13) Le 21 mars 2013, le TAPI a admis le recours et annulé les décisions sur réclamation du 17 janvier 2012 ainsi que les bordereaux de taxation rectificatifs IFD et ICC 2001 à 2009 du 16 septembre 2011 et les bordereaux d'amende IFD et ICC du 5 octobre 2011.

Les reprises litigieuses reposaient sur le fait que le loyer annuel que la contribuable avait perçu auprès de son actionnaire au cours des années 2001 à 2009 était bien trop bas par rapport au total des loyers des sous-locations que ce dernier avait encaissés de son côté. Les formules de déclaration d'impôt n'exigeaient pas des contribuables qu'ils fournissent les renseignements tels que l'indication des locataires d'une SI ni ne fournissent les pièces justificatives telles que copie des contrats de bail dont l'AFC-GE faisait mention.

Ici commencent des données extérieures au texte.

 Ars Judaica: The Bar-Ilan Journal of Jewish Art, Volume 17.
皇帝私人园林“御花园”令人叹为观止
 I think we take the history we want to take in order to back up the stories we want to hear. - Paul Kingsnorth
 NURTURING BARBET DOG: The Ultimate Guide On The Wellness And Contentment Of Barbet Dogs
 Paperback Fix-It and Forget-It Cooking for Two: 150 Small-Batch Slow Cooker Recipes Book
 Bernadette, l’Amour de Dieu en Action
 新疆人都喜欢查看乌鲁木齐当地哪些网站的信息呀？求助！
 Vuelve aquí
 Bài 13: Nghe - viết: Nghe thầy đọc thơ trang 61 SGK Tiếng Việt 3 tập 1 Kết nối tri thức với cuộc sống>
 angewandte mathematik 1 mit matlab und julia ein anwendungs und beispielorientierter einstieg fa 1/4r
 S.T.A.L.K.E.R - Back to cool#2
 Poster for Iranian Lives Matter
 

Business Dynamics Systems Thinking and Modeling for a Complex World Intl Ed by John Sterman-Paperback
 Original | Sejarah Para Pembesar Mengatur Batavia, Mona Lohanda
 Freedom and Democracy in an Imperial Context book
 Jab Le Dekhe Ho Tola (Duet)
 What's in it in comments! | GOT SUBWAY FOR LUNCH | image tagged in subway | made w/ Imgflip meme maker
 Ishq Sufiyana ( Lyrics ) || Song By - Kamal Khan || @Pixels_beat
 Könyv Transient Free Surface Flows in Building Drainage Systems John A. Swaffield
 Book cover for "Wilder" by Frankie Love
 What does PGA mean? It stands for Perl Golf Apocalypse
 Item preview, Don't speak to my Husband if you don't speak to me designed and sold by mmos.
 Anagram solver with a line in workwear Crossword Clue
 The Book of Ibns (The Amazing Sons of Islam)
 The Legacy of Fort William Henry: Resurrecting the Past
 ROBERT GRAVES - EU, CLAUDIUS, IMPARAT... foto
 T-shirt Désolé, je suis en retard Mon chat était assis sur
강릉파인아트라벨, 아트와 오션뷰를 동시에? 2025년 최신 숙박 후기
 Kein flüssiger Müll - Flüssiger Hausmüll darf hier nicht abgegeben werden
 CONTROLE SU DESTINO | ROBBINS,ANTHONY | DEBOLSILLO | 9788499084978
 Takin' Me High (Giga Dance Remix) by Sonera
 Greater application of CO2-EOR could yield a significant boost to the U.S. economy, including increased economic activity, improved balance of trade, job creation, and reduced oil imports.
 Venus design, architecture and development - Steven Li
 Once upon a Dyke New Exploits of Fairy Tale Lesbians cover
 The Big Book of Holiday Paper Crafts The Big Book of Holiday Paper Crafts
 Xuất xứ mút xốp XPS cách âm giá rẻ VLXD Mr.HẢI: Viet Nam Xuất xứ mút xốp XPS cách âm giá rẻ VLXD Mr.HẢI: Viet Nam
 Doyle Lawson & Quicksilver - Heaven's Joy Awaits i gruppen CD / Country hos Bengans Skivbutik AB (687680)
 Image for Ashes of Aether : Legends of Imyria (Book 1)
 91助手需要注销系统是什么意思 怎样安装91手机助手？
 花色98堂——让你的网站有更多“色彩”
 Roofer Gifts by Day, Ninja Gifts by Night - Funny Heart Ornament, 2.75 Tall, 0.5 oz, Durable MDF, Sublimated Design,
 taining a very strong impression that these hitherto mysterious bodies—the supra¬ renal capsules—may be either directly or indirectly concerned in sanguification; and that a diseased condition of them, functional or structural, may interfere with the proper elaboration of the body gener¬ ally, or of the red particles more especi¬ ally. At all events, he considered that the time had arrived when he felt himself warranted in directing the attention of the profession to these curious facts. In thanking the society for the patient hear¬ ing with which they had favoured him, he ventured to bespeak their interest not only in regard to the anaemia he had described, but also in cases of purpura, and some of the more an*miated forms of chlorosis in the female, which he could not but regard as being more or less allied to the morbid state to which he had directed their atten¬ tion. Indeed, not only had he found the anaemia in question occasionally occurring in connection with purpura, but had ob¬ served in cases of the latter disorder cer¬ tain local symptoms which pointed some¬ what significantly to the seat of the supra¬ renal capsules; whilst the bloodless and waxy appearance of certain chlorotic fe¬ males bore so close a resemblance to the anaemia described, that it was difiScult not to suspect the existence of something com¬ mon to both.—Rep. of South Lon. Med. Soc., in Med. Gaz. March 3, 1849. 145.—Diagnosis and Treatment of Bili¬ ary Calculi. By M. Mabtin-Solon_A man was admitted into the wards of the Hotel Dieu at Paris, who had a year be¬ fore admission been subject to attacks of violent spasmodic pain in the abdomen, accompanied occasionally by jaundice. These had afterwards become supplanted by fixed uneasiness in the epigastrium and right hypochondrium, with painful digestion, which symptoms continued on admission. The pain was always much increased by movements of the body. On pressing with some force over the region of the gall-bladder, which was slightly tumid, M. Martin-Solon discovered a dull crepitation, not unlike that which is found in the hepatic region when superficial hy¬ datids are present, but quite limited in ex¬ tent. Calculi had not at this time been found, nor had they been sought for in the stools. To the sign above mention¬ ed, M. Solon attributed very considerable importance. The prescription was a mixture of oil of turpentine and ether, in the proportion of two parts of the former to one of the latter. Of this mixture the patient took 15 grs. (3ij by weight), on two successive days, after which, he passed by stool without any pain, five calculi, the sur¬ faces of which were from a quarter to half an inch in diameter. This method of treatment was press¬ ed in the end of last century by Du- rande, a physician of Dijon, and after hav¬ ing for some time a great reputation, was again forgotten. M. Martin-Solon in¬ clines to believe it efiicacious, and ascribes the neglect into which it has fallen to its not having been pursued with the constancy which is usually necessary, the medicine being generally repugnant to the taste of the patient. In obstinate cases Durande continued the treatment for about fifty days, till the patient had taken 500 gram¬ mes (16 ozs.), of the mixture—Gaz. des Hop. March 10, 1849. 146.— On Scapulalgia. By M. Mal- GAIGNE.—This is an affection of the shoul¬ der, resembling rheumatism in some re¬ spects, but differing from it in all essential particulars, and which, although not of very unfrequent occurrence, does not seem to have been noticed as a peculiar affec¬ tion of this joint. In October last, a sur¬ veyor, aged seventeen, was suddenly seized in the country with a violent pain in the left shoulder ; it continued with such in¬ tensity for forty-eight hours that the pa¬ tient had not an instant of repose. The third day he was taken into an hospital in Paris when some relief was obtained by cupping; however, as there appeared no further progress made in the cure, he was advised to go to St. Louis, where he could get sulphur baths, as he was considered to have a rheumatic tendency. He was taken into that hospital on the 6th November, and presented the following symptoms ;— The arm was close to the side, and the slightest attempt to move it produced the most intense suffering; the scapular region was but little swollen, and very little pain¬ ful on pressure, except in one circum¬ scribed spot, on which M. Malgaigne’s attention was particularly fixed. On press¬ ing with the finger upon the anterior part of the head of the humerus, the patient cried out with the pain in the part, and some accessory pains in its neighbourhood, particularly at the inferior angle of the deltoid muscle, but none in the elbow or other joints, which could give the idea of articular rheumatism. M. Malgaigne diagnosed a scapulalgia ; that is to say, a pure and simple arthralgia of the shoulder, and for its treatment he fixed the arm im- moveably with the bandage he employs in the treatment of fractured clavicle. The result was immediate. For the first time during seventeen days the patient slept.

Depuis de longues années, soit depuis 1965, la contribuable avait appliqué, de manière cohérente, la méthode de la valeur locative pour estimer le montant des loyers à facturer à la raison individuelle de l'actionnaire. L'AFC-GE aurait dû s'étonner du fait que le montant du loyer encaissé ne variait aucunement au cours des toutes ces années et se livrer à des investigations complémentaires qui lui auraient permis de recevoir toutes les informations requises permettant de clarifier la question de la quotité du loyer. Les déclarations fiscales successives remplies de manière exhaustive comportaient suffisamment d'éléments qui auraient pu et dû susciter des doutes ou interrogations chez les taxateurs ayant procédé à leur vérification et, le cas échéant, les inviter à entreprendre des vérifications. Ne l'ayant pas fait en temps voulu, l'AFC-GE n'était pas fondée à réparer ses omissions dans le cadre d'un rappel d'impôt. Aucun fait ou moyen de preuve jusque-là inconnu n'avait été découvert pouvant justifier une procédure en rappel d'impôt.

En outre, même s'il fallait considérer que des éléments nouveaux avaient été découverts, la question de l'évaluation divergente du loyer ne pouvait être réglée par un rappel d'impôt « rétroactivement » sur dix périodes fiscales.

De plus, la collectivité publique n'avait subi aucune perte fiscale. Le bénéfice réalisé par l'actionnaire, soit la différence entre le loyer et les différents sous-loyers, avait été entièrement déclaré par M. B______ et imposé à son niveau. Il n'y avait dès lors pas de perte fiscale pour la collectivité.

Pour toutes ces raisons, les conditions du rappel d'impôt n'étaient pas remplies et il convenait d'annuler les reprises litigieuses et les amendes.

14) Le 22 avril 2013, l'AFC-GE a recouru auprès de la chambre administrative de la Cour de justice (ci-après : la chambre administrative) contre le jugement du TAPI en concluant à son annulation.

A l'appui de son recours, elle a exposé que, vu l'importante différence entre le loyer perçu par la contribuable, soit CHF 109'800.-, et le total des loyers des sous-locations, entre CHF 184'400 et CHF 273'000.-, A______ ne pouvait ignorer qu'elle accordait à son actionnaire un prix de faveur qu'elle n'aurait pas accordé à un tiers. Cette faveur ne pouvait s'expliquer d'un point de vue économique, même en considérant que les locaux étaient sous-loués meublés, que l'actionnaire avait pris à sa charge certains frais incombant normalement au bailleur et qu'il avait apporté une plus-value par son activité commerciale. Il s'agissait d'une distribution dissimulée de bénéfice.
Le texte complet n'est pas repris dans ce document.